▸ **Task to complete**
In the records that follow, count the lines where the string "Sequins" appears, and give the count with nothing added.

[Crawled caption data]

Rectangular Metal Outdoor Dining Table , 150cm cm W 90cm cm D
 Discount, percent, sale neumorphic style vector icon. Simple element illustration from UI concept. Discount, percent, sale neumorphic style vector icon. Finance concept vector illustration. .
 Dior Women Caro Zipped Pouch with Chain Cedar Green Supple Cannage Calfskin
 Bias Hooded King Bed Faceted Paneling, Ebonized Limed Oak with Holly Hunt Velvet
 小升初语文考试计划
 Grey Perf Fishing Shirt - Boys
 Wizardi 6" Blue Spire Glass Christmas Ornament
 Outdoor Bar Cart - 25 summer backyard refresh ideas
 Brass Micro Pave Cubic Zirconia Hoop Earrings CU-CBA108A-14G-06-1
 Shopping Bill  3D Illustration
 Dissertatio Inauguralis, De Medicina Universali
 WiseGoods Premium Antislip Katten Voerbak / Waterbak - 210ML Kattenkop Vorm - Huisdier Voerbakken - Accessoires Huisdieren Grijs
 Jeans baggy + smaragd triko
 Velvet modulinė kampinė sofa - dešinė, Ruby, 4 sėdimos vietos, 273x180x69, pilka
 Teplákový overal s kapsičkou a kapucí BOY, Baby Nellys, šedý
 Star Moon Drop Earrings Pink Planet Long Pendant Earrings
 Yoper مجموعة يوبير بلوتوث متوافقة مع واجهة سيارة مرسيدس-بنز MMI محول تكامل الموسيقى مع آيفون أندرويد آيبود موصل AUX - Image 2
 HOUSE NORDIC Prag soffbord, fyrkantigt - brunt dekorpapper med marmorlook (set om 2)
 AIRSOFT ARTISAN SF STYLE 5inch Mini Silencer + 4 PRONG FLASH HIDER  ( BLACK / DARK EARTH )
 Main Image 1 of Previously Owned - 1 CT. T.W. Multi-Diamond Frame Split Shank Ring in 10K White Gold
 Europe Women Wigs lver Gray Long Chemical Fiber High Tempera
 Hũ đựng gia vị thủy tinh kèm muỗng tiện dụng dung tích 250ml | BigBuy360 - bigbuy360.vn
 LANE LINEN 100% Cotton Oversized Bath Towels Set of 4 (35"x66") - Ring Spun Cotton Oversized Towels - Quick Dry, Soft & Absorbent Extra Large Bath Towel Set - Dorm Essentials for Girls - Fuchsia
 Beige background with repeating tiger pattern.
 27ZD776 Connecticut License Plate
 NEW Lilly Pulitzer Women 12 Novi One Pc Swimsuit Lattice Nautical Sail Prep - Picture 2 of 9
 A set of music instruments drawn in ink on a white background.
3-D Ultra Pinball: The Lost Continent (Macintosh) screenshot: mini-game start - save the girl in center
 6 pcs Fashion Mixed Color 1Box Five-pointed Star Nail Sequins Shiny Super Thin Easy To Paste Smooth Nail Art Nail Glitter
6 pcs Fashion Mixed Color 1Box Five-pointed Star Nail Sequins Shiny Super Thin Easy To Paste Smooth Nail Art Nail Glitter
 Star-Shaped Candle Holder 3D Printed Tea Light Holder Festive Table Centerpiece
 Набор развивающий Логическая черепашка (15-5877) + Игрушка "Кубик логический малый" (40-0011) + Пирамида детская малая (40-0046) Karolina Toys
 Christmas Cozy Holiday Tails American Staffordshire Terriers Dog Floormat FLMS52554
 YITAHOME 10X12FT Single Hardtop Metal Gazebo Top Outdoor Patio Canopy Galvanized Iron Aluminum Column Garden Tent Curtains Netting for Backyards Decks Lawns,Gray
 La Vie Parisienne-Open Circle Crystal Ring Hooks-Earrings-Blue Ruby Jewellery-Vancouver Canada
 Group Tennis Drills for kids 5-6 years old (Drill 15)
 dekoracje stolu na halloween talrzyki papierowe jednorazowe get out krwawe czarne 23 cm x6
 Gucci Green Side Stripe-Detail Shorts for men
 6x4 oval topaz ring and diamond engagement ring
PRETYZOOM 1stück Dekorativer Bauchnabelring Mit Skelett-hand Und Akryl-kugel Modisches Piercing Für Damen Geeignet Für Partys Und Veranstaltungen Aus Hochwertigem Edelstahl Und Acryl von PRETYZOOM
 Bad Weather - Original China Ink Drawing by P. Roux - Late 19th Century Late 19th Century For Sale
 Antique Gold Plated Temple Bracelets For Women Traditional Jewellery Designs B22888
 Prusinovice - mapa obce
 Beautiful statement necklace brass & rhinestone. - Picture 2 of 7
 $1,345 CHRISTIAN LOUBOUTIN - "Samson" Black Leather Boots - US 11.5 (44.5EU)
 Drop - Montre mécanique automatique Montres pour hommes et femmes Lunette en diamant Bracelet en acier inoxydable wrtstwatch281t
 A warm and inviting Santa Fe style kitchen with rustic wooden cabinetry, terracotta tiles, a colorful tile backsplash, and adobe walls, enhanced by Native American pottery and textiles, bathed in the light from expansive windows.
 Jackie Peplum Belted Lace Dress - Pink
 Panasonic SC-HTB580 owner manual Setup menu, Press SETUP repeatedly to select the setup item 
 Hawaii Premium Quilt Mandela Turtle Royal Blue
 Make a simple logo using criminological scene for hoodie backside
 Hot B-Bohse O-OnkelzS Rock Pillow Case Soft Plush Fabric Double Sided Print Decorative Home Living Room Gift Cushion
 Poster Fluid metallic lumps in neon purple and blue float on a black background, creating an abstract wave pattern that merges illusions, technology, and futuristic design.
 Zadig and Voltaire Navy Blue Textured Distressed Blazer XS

▸ **Expected answer**
2